» **What this task involves**: Look through the data below for the line with "Teva Chukka Boots" and the line with "東京マルイ MP7 A1 電動ガン ブラック　ジャンク品", then transcribe exactly from the first through the second, leaving out all pictures.

» **Exercise inputs**:
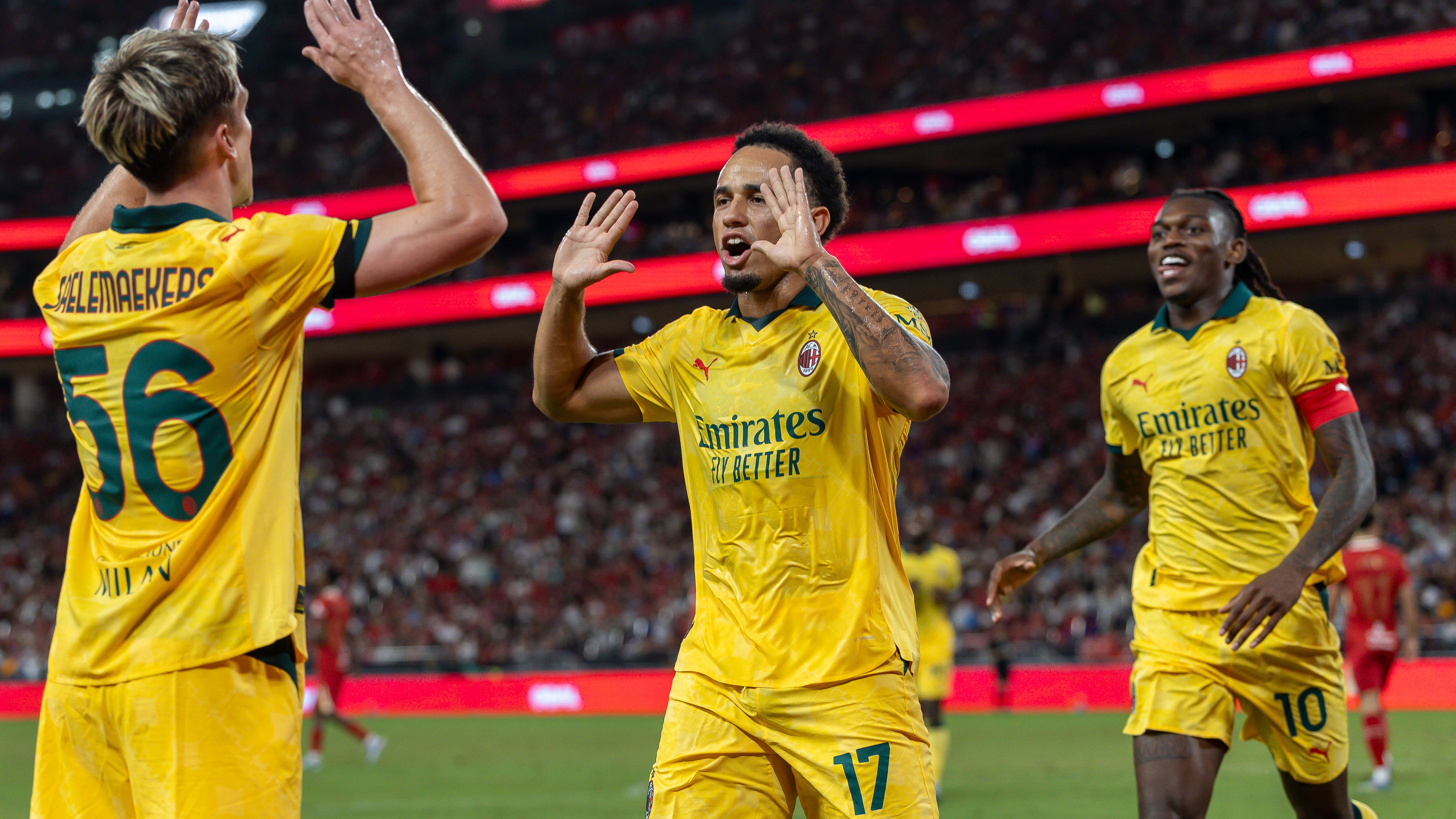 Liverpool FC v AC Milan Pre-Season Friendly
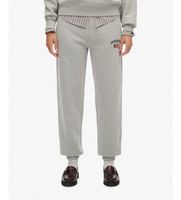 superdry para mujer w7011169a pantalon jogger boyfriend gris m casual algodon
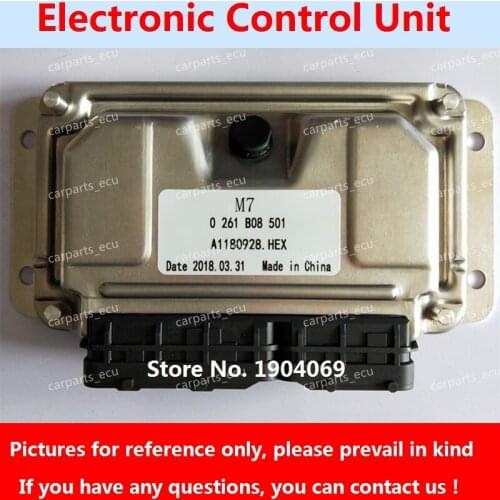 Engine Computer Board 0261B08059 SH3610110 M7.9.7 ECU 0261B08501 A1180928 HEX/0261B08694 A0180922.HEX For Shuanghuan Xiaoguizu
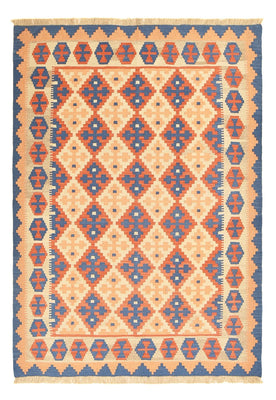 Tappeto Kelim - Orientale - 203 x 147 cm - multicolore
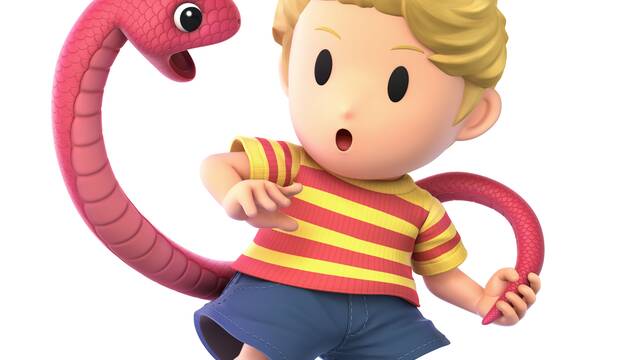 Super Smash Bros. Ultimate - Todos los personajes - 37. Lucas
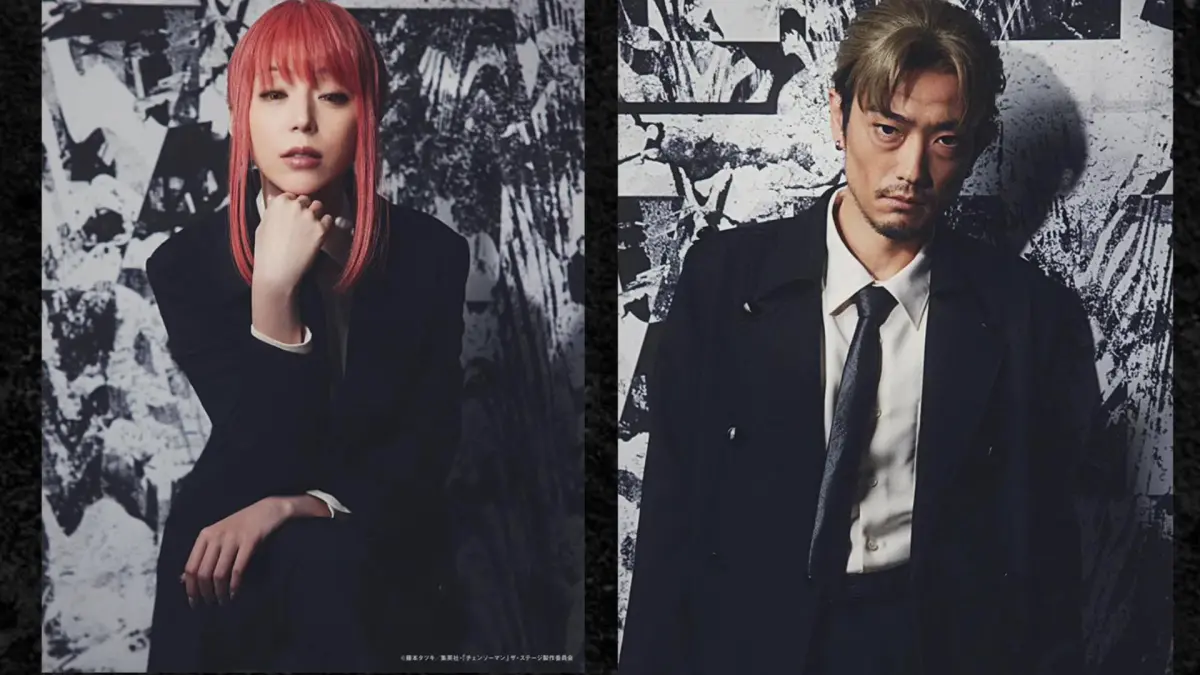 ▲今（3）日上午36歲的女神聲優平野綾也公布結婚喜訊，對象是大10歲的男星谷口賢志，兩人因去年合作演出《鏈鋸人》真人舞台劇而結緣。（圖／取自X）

* * *

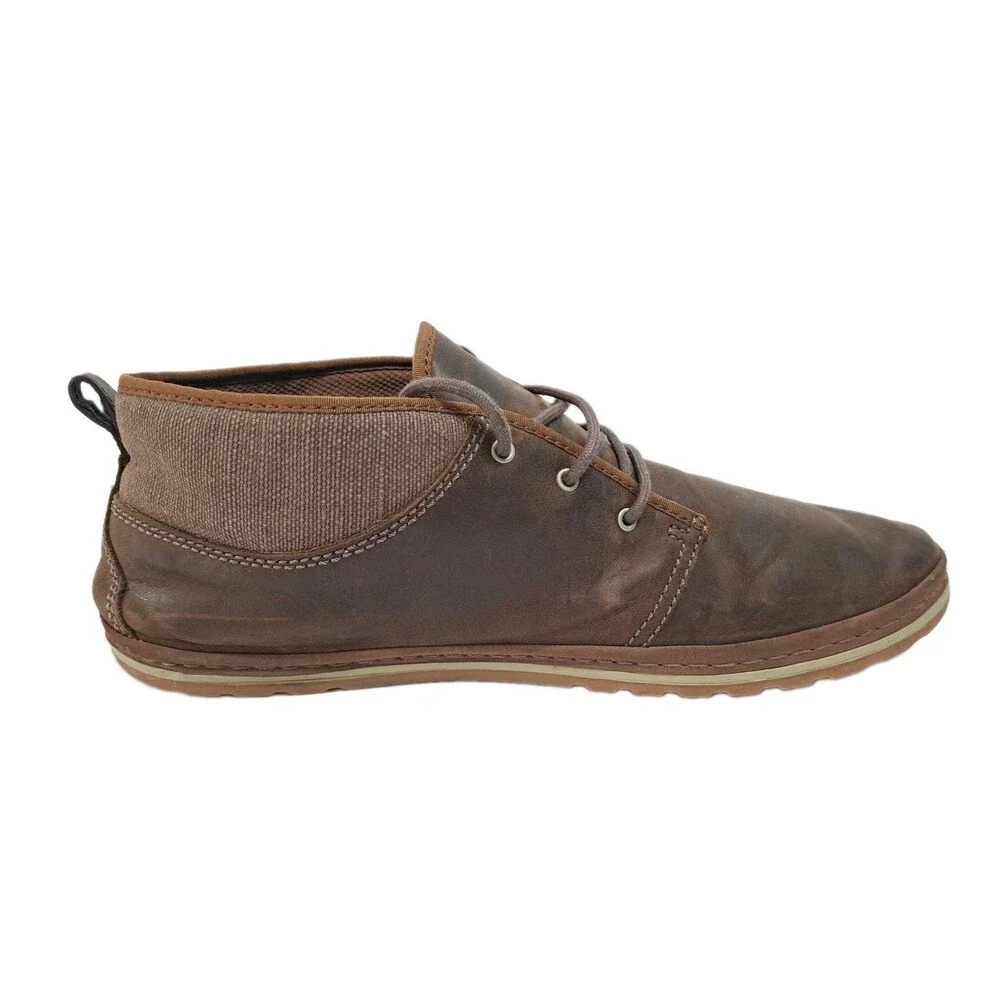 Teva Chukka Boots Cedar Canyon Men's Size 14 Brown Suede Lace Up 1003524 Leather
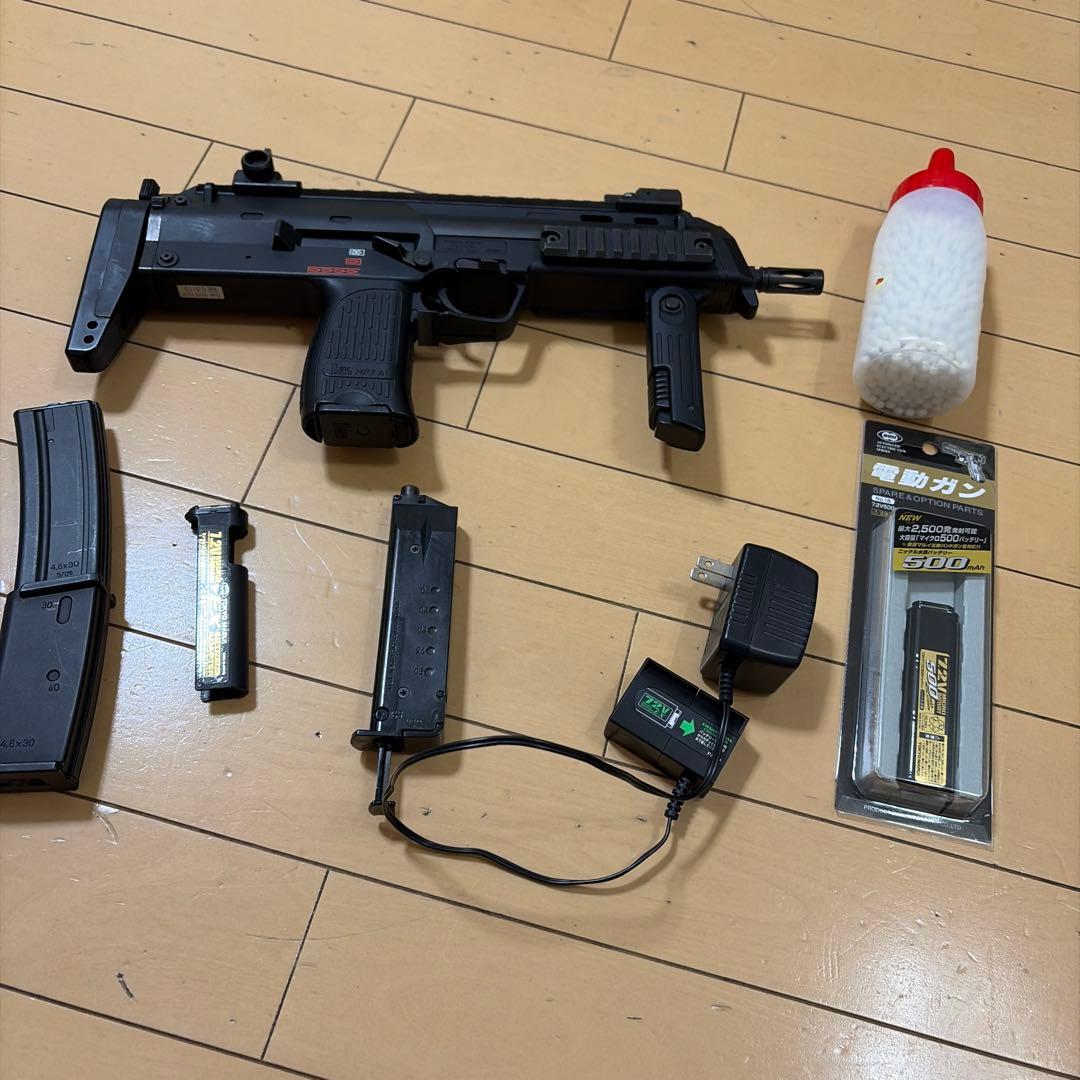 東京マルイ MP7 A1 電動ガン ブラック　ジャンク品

» **Result for this task**:
 Teva Chukka Boots Cedar Canyon Men's Size 14 Brown Suede Lace Up 1003524 Leather
 東京マルイ MP7 A1 電動ガン ブラック　ジャンク品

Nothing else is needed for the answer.